§ **Problem requirements**
Please write out the entire listing below exactly, excluding its pictures.

§ **Supplied data**
==================================================
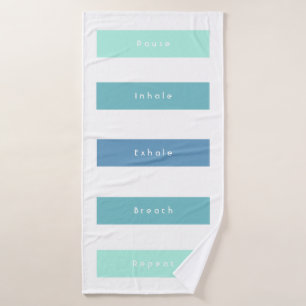 Personnalisé Vert Bleu Pause Inhale Exhale Respira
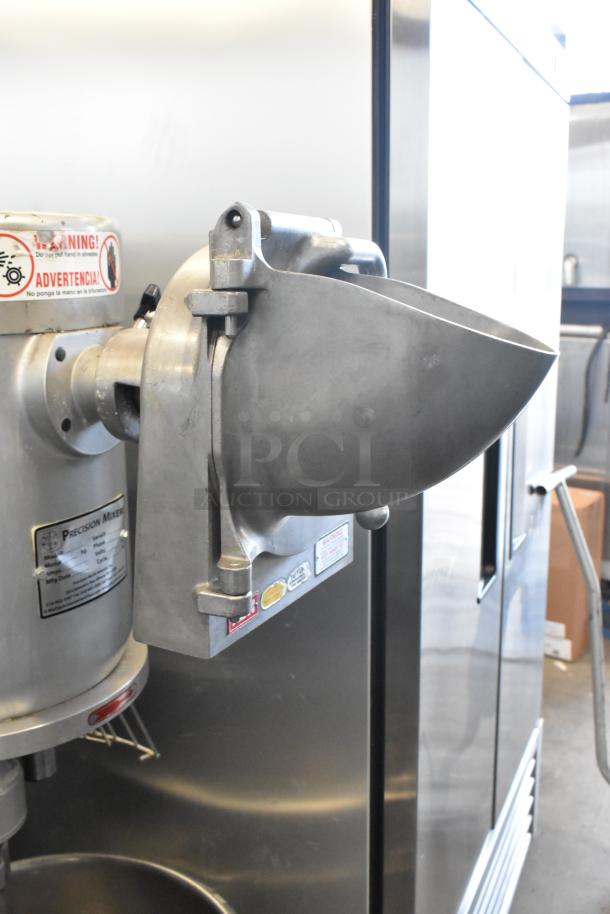 2021 Precision HD-60 60 Quart Metal Dough Mixer with bowl, dolly, guard, pelican head, and hook attachment, 220V, 3 phase.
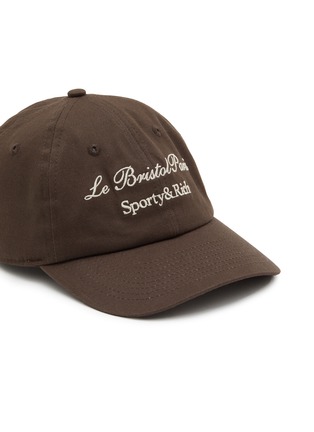Detail View - Click To Enlarge - SPORTY & RICH - X Le Bristol Paris Faubourg Cotton Twill Baseball Cap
==================================================
§ **Result of the exercise**
 Personnalisé Vert Bleu Pause Inhale Exhale Respira
 2021 Precision HD-60 60 Quart Metal Dough Mixer with bowl, dolly, guard, pelican head, and hook attachment, 220V, 3 phase.
Detail View - Click To Enlarge - SPORTY & RICH - X Le Bristol Paris Faubourg Cotton Twill Baseball Cap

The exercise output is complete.